Daniel Fast, Day 15: Races


Breakfast was strawberries.  Lunch was sunflower seeds and oven-baked potato chips.  Supper was sunflower seeds and strawberries.  And a few drops of a fresh batch of strawberry goosh.  We're talking far less than last night, and last night I had just enough to swallow maybe twice.

Basically, we had to rush to get through the strawberries.  Who knew that fresh-picked strawberries could start to mold literally overnight?!  The good news is that I got to eat plenty of them over the last 24 hours, and I'm really happy about that.  I love strawberries.  And I got a break from almonds and beans.

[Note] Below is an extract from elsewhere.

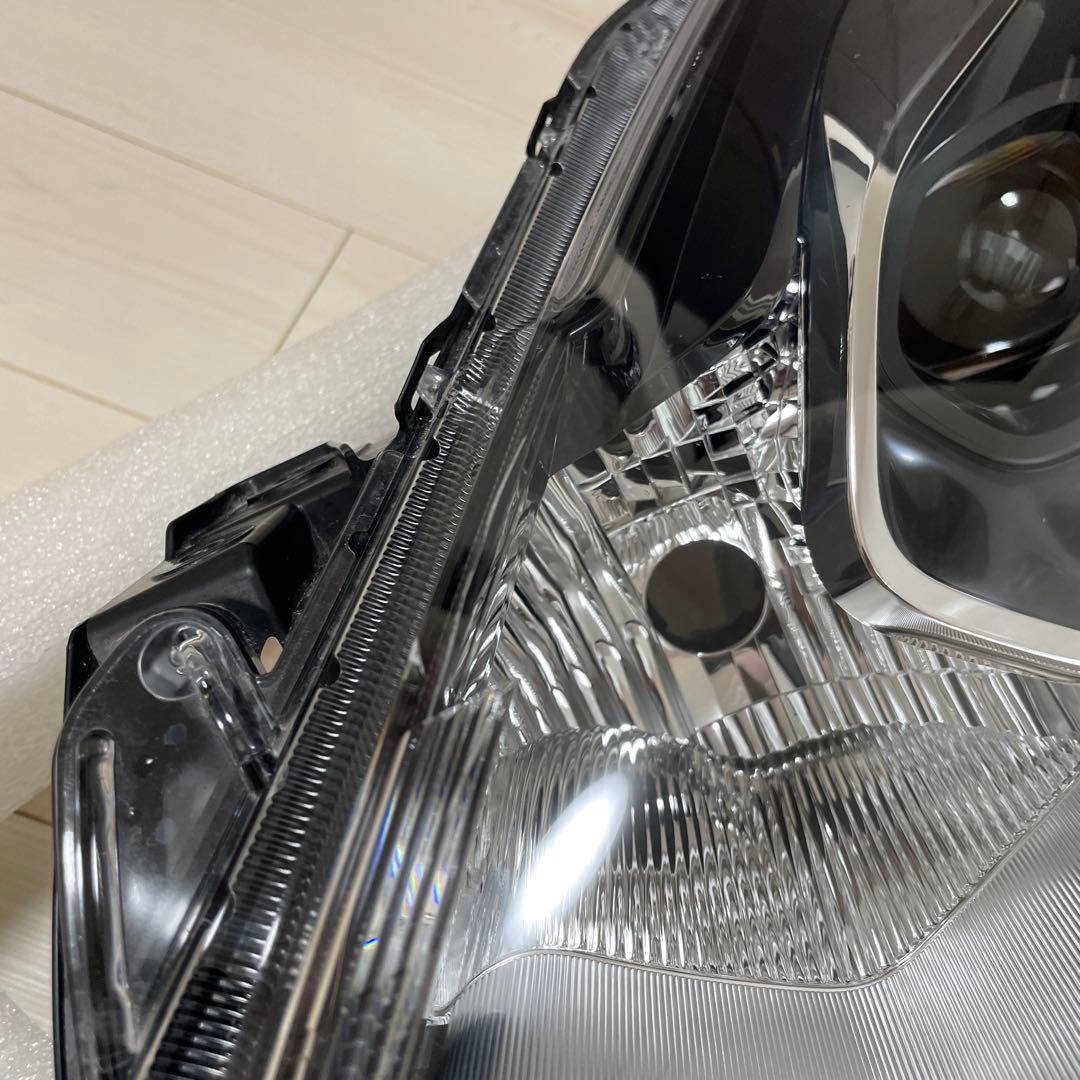 スズキ ZC33S スイフトスポーツ ヘッドライト 左 LED ヘッドランプ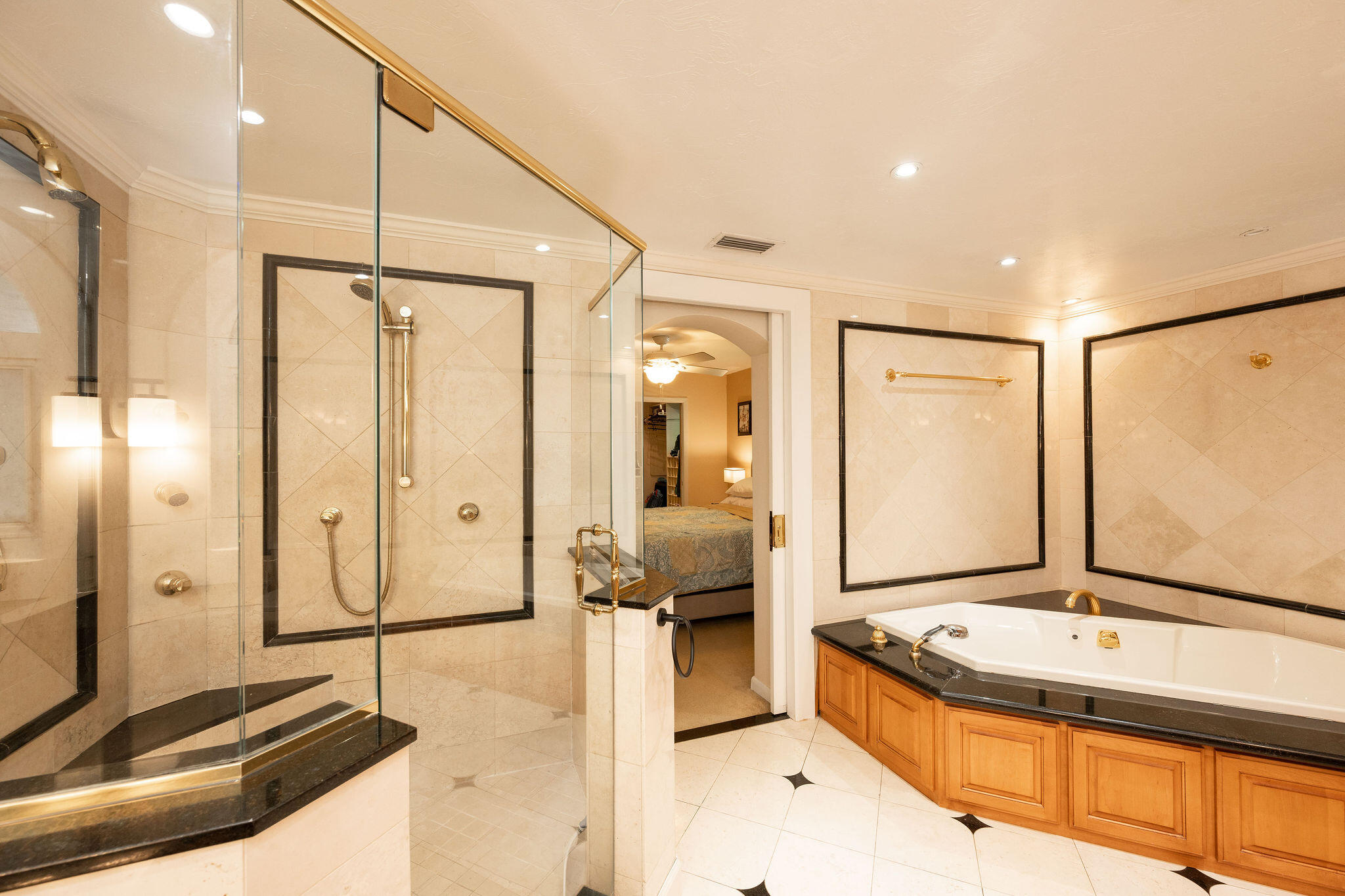 Key West, Florida 33040, United States, 3 Bedrooms Bedrooms, ,3 BathroomsBathrooms,Residential,Active,207478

This is starting to wear on me.  I'm pretty certain it's mostly due to the monotony of my menu.  I didn't prepare very well for this, and I have yet to eat the frozen veggies I bought from Whole Foods.  I think it's mostly because they remind me of the cashews I really wanted but didn't get.  I truly was disappointed about that.  I'm looking forward to another chance to go back to Whole foods to buy maple syrup and some of the flours I didn't get before.  And some fish would probably taste very good right about now.  But I'm still hanging in there.  I know that when I'm done, I'll be very glad that I did it.

I also know that this was, in large part, to help me set myself up for a dietary overhaul.  I cannot go back to eating the way I ate before I started the fast, that's certain.  I'm going to be eating a lot more beans, for one thing, and I know that there are a lot of different kinds of beans other than pintos, so one thing I want to do is purchase different kinds.  Hopefully, they'll taste enough different one kind from the other that I'll eventually develop a keen taste to be able to distinguish the flavor of one kind from the flavor of another kind.  And I'm going to be sure to keep a good variety of produce on hand so I don't get into monotony and ultimately rebel against boredom.  

Meanwhile, I have six more days to complete, and I want to finish well.  I'm determined to complete this fast, to the glory of God and the joy of myself and my body—and a healthy future.  Can I please tell you how good hope feels?!  Thank You, Abba!